While the measures are no doubt well intended and will be welcomed by the public in the short term, there are several fundamental problems with such subsidy schemes. This one in particular has weaknesses not least that sooner or later – in this case quite quickly -- it will become fiscally unsustainable. And there are other more compelling areas where a degree of subsidy may become inevitable and which should have priority.
The problem all subsidy schemes have in principle is that they distort market forces. What the increase in prices is telling us is that it has become more difficult to export oil and gas from the Persian Gulf because of the ongoing war launched by the United States of America and Israel against Iran. Because the Gulf is the source of around a fifth of world supply, there is now a global shortage which is pushing up prices. Softening the blow by limiting retail price increases to the consumer here is all very well, but it does nothing to shorten the war.

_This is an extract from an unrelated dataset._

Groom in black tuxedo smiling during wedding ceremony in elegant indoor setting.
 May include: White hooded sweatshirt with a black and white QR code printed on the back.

Which brings me to the next weakness: nobody has a clue when the war will end, not even the participants. The two sides are very far apart in their negotiating positions, and even the task of getting talks going is proving difficult. The one round facilitated by Pakistan was conducted indirectly with both sides conveying their stance to the intermediary and indirectly to each other via the media. The only thing we do know for certain at this stage is that even when the fighting stops, no more bullets flying or bombs being dropped, it will take a very long time – certainly many months – for the infrastructure damaged by the hostilities so far to be repaired.
A related but separate problem is that we will not know the outcome until peace has been restored and there has been a chance to survey the damage done in Kuwait, Bahrain, the UAE, Iraq, Oman, Saudi Arabia and of course Iran itself. Estimating repair costs and arranging funding will all take time. So both the timing and the final outcome are uncertain.
Therefore any proposal to continue the subsidy when the two months expires would be committing to an open-ended drain on public resources without any limit. That would not be financially prudent.
We know, all governments know, that scaling back, let alone eliminating, a subsidy once it has become an established part of life is extremely difficult. The UK government, for example, is gradually being bankrupted by its so called “triple lock” on state pension increases. There is a commitment that every year they will go up by inflation, or wage increases, or 2.5% whichever is higher. Everyone in UK realises that this formula is unsustainable but no politician seems ready to say so. In Hong Kong we could soon have a similar problem with our $2 transport fare scheme. Currently more than a third of the entire population enjoys the subsidy.
A further problem with subsidising consumption is that indirectly it encourages consumption (by failing to deter it). It would be far better in the long term to take firm action to permanently reduce our dependence on fossil fuels. We already know it is possible to power minibuses, buses, and even ferries using electricity. So that is where we should be putting our resources. If the switchover process requires help commercially to cover costs, then that is worth considering.
There is one further important factor that we need to take into account, and that is food supply. The gulf also supplies a significant percentage of the world’s fertiliser. Planting season in various countries is imminent. If the fertiliser cannot be transported in time to the farms where it is needed then crops will be lower and there will be food shortages. In poorer countries this will mean outright famine. Even in wealthier ones, there will be price increases, this time for food. In Hong Kong we won’t starve but family budgets will struggle to cope with higher prices for necessities. This will impact the less well-off more profoundly as they tend to spend a higher proportion of their income on food.
Now when it comes to transportation there are choices. People can walk, or ride a bike, or go by bus instead of minibus, or carpool. Companies can make greater use of working from home. But however you travel and wherever you are based, you will need food. Electricity and gas prices will also go up, but if the worst comes to the worst people will find ways to cut back. But for food there is an irreducible minimum. And if prices rise too high there, then that is where public subsidies must go, most likely on a means tested basis. If we are going to have to raise taxes or run a deficit in the government accounts, then let it be to pay for food vouchers.